WINNIPEG -- Neal Pionk spent much of his childhood playing hockey on frozen ponds and backyard rinks, so he has high expectations for his first NHL outdoor game at the 2019 Tim Hortons NHL Heritage Classic between the Winnipeg Jets and Calgary Flames at Mosaic Stadium in Regina, Saskatchewan on Saturday (10 p.m. ET; NBCSN, CBC, SN1, CITY, TVAS2, NHL.TV).

"I've seen them on TV but never been to one, never attended one," the 24-year-old Jets defenseman said. "It should be good weather. I'm expecting it to bring back memories of my childhood, whether on the pond at Pike Lake or over at Hermantown (Minnesota), just skating outside and having fun with my friends."

Pionk is passionate about outdoor hockey memories. The early ones include the family's backyard rink, constructed by his dad Scott, filled with the garden hose, and his mom, Karen, dropping him and his brothers -- Corbin, now 30, Nate, 23, Joe, 20 and Aaron, 16 -- off at one of the five outdoor rinks in Hermantown for the entire day.

Another tradition evolved with Neal and Nate and two other hockey-mad families in the Duluth area, where Hermantown, a city of about 10,000, is considered a suburb.

He said it was 10 or 11 winters ago that they joined with members of the Aamodt and Koepke families for the annual Holiday Cup. Usually conducted on a day over the Thanksgiving or Christmas holidays, it was an outdoor tournament that began with older brothers against younger brothers.

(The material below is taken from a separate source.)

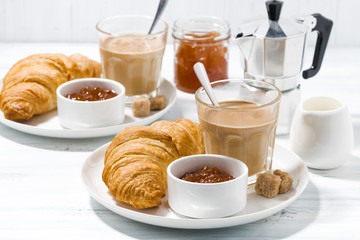 coffee with milk and croissants with jam for breakfast on white table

"We had the games at our house or one at an outdoor rink or at the Aamodts," Pionk said. "They lived on Pike Lake and we'd go there. A couple of winters it was too cold, so we went inside at the Hermantown Ice Arena. So, a couple of asterisks but for the most part it was outside."

Nate Pionk said the Holiday Cup began as serious competition.

"It started as a simple 3-on-3, shovel off [the lake] and then let me tell you, it was full contact," Nate said. "No destroying each other or knocking anybody out, but when we were younger, we liked to bump into each other. There would be a few high sticks, a black eye here and there, maybe a cut on the chin. Our parents weren't too happy about it."

Nate remembers the original teams: Himself, Travis Koepke, Wyatt Aamodt against Neal, Cole Koepke and Wade Aamodt. Today, Neal is an NHL defenseman, Wyatt is a 21-year-old defenseman at Minnesota State University Mankato and Cole is a 21-year-old forward at University of Minnesota Duluth.

"It was pretty even, and we'd just play a best-of-7, each game up to five goals," Nate said. "It was a blast. We eventually got a Cup for it and started calling it the Holiday Cup and we wrote our names on the side of it and would hoist it.

"So now what it's turned into is the three families and a buddy gets added every year or so and now it's up to 4-on-4, sometimes 5-on-5. It's always a fun event, always some laughs. It's a great time."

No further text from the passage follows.